The new version of Keeping Children Safe in Education (KCSIE) will come into force on 1 September 2022. Many of the changes are minor. Nevertheless, governors and schools should be clear now on the most important changes, summarised below, and take proactive measures to ensure compliance for the upcoming academic year.
All governors and trustees should receive appropriate safeguarding and child protection training
- All governors and trustees should receive appropriate safeguarding and child protection training at induction, to equip them with the knowledge to provide strategic challenge and to be sure that safeguarding policies and procedures are effective.
- Their training should be regularly updated.
Support for children who are lesbian, gay, bisexual or trans (LGBT)
- The fact that a child may be LGBT is not an inherent risk factor for harm, but children who are (or perceived to be) LGBT can be targeted by other children.
- It is vital that staff endeavour to reduce additional barriers faced by children who are LGBT, and provide a safe space for children to speak out and share their concerns.
- Schools play a crucial role in preventative education, which is most effective when adopting a whole-school approach that creates a culture of zero tolerance for homophobia.
- Governing bodies should be doing all they reasonably can to limit children's exposure to risks from a school's IT system.
- This includes ensuring that effective filters and monitoring systems are in place, that staff have an awareness of the provisions in place, and the knowledge to escalate concerns when identified.

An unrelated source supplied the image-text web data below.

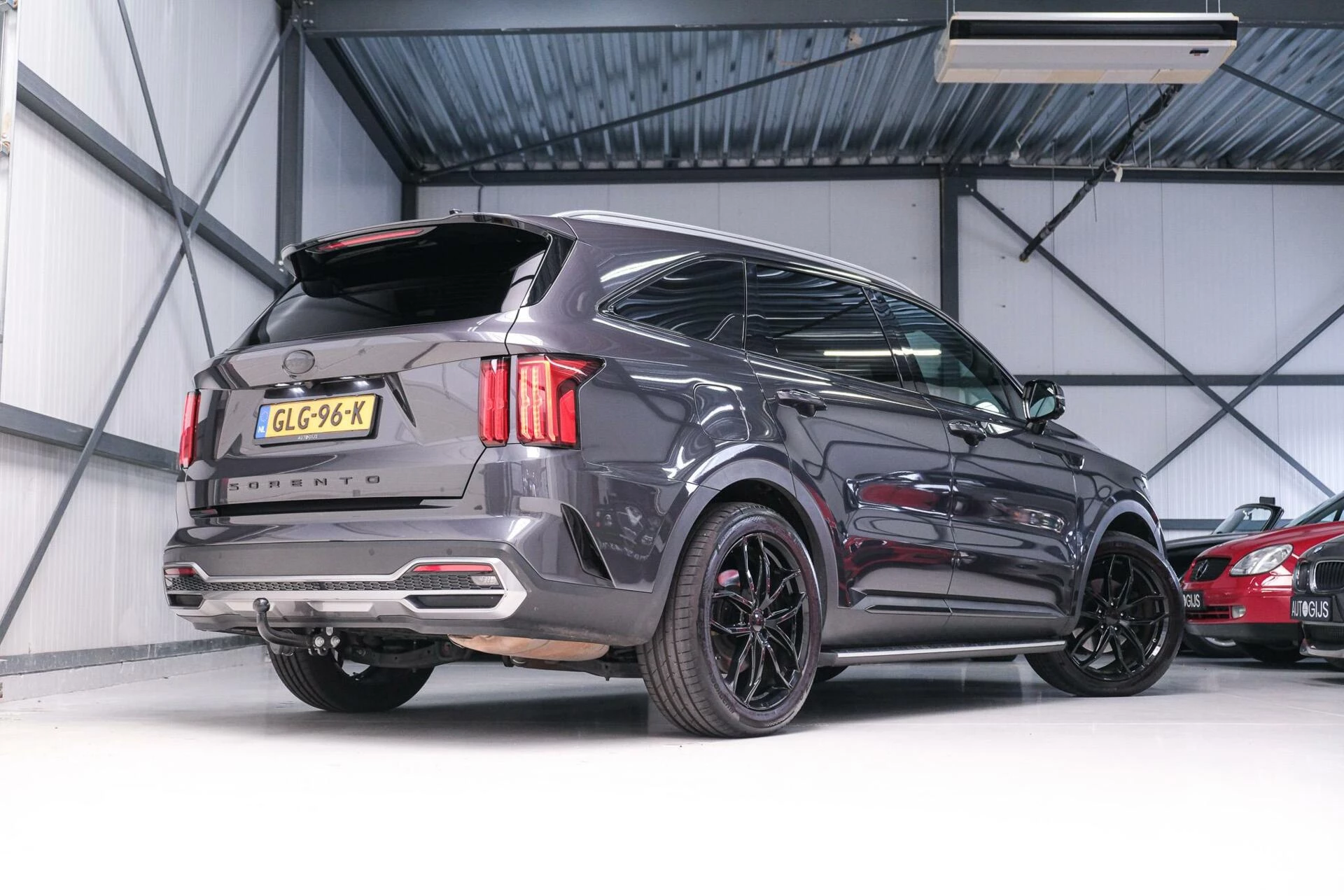 Hoofdafbeelding Kia Sorento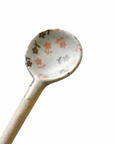 Small Ceramic Flower Spoon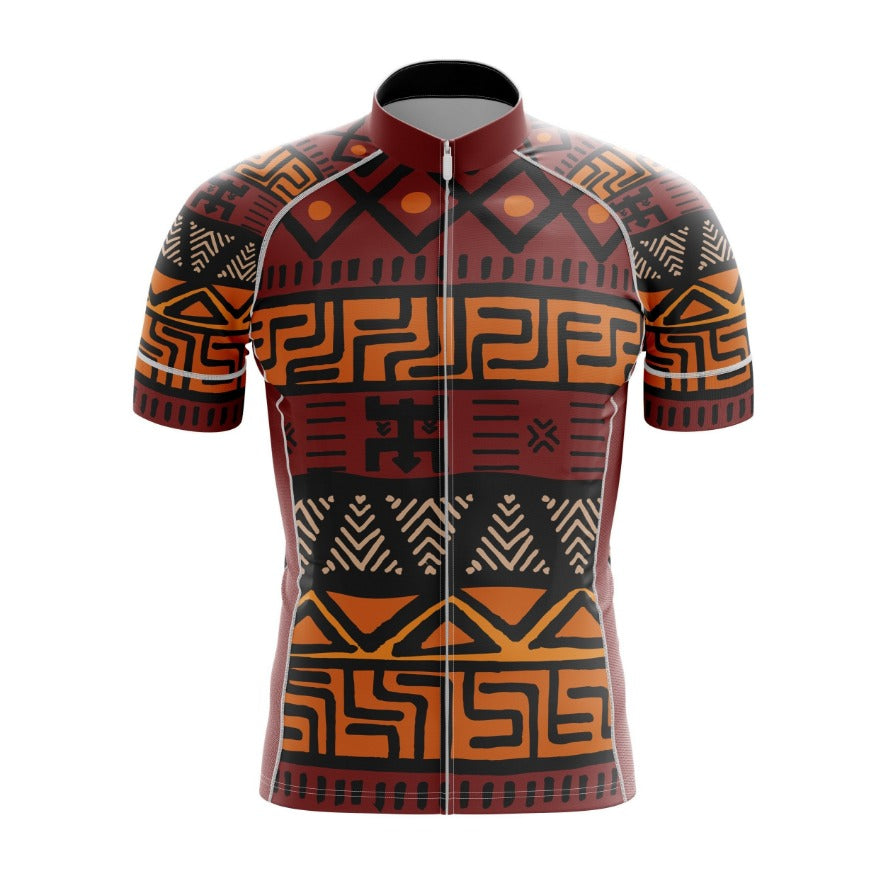 Africa Tribal Cycling Jersey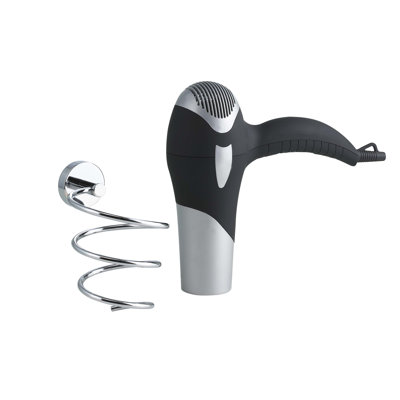 No Drill Smooz Hair Dryer Holder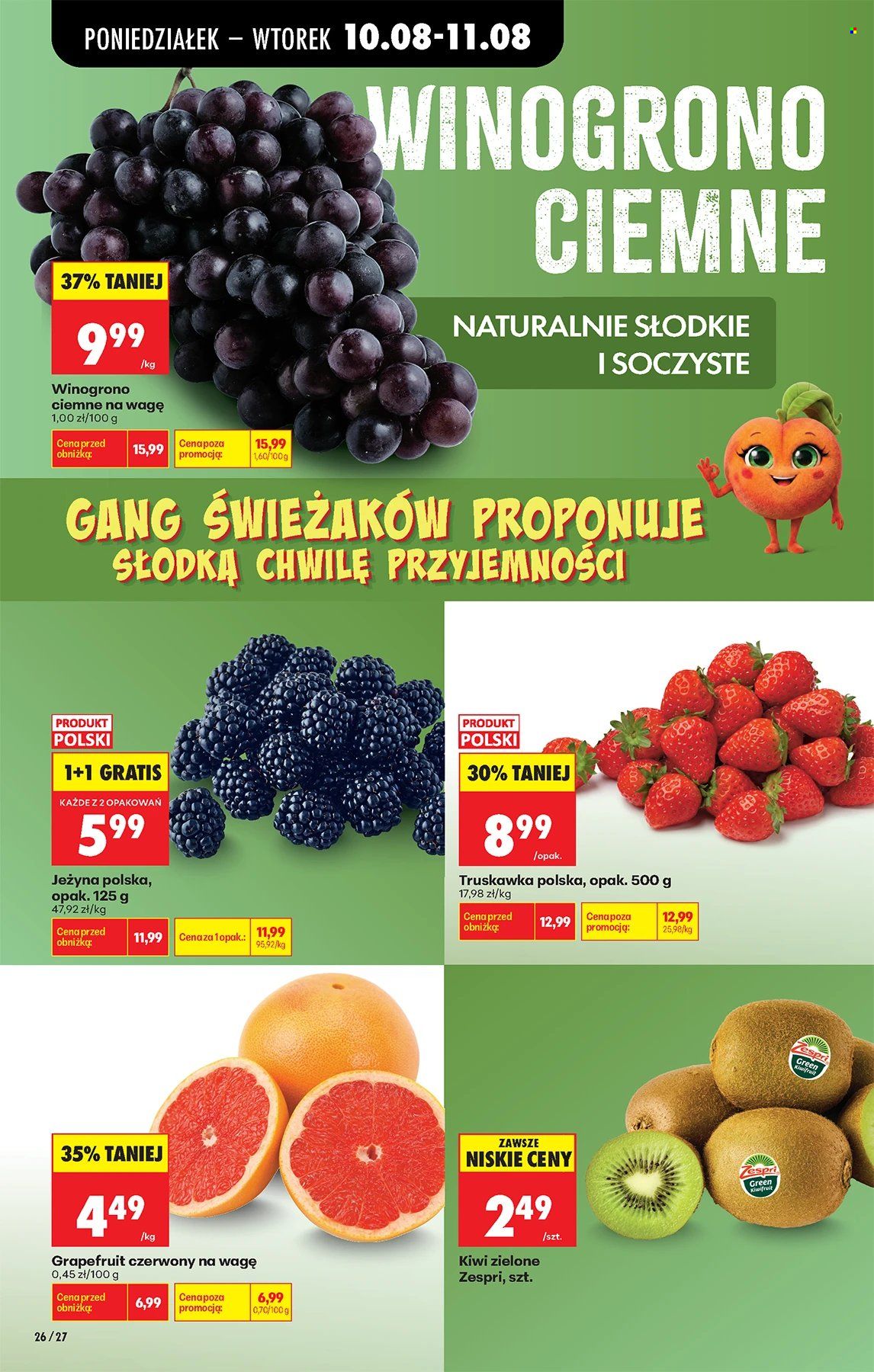 Gazetka Biedronka - 10.08.2026 - 14.08.2026. Strona 26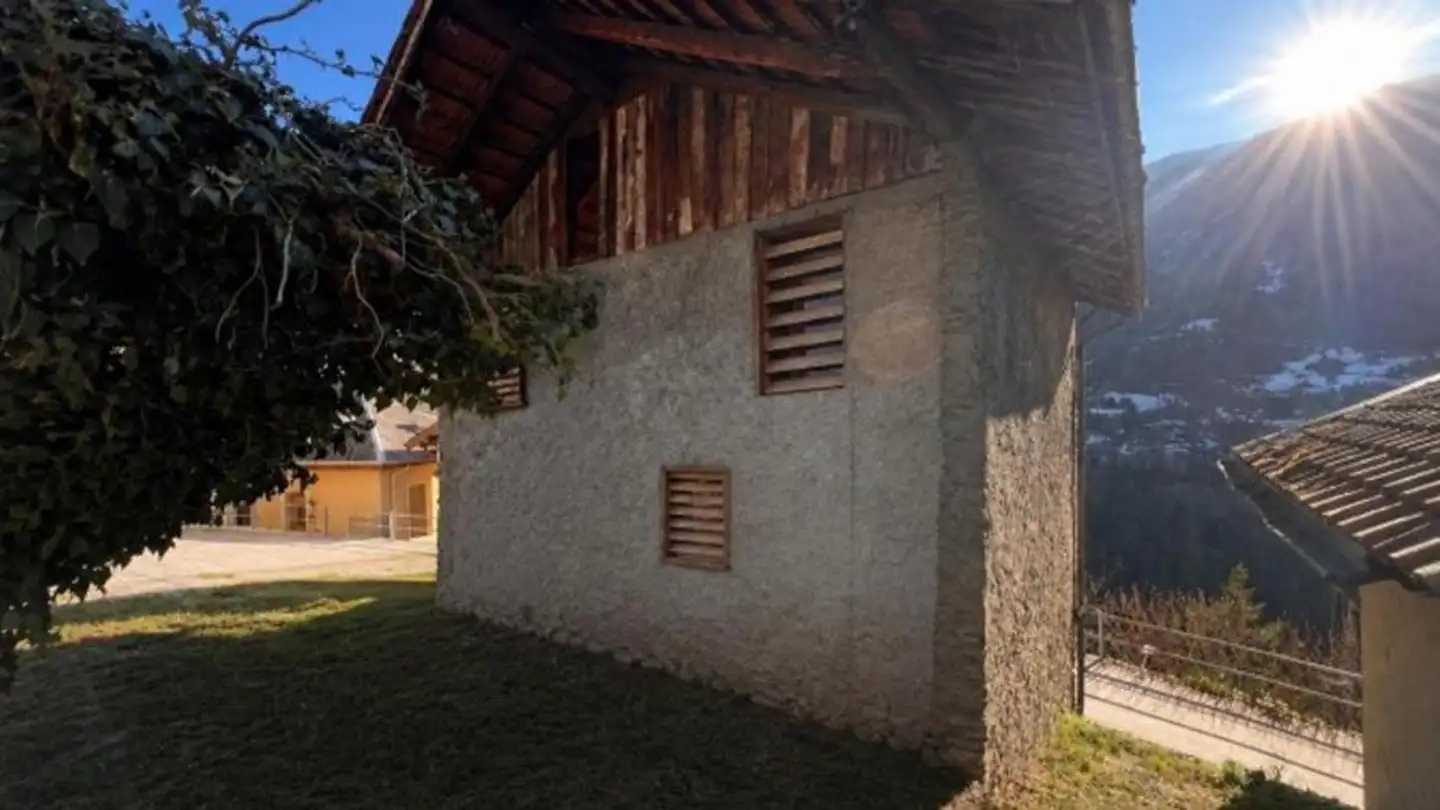 Maison individuelle à vendre - 3961 Vissoie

- Governing bodies should consider the proportionality of costs of such systems versus safeguarding risks.
Sexual violence, sexual harassment and child-on-child abuse
- The Department for Education's standalone guidance on sexual violence and sexual harassment is is now fully absorbed into KCSIE.
- Children should understand that the law on child-on-child abuse is in place to protect them, not to criminalise them.
- Children who have experienced sexual violence may display a wide range of responses, and schools should remain alert to the challenges of detecting those responses and sensitive to the needs of the child, including about attendance in lessons.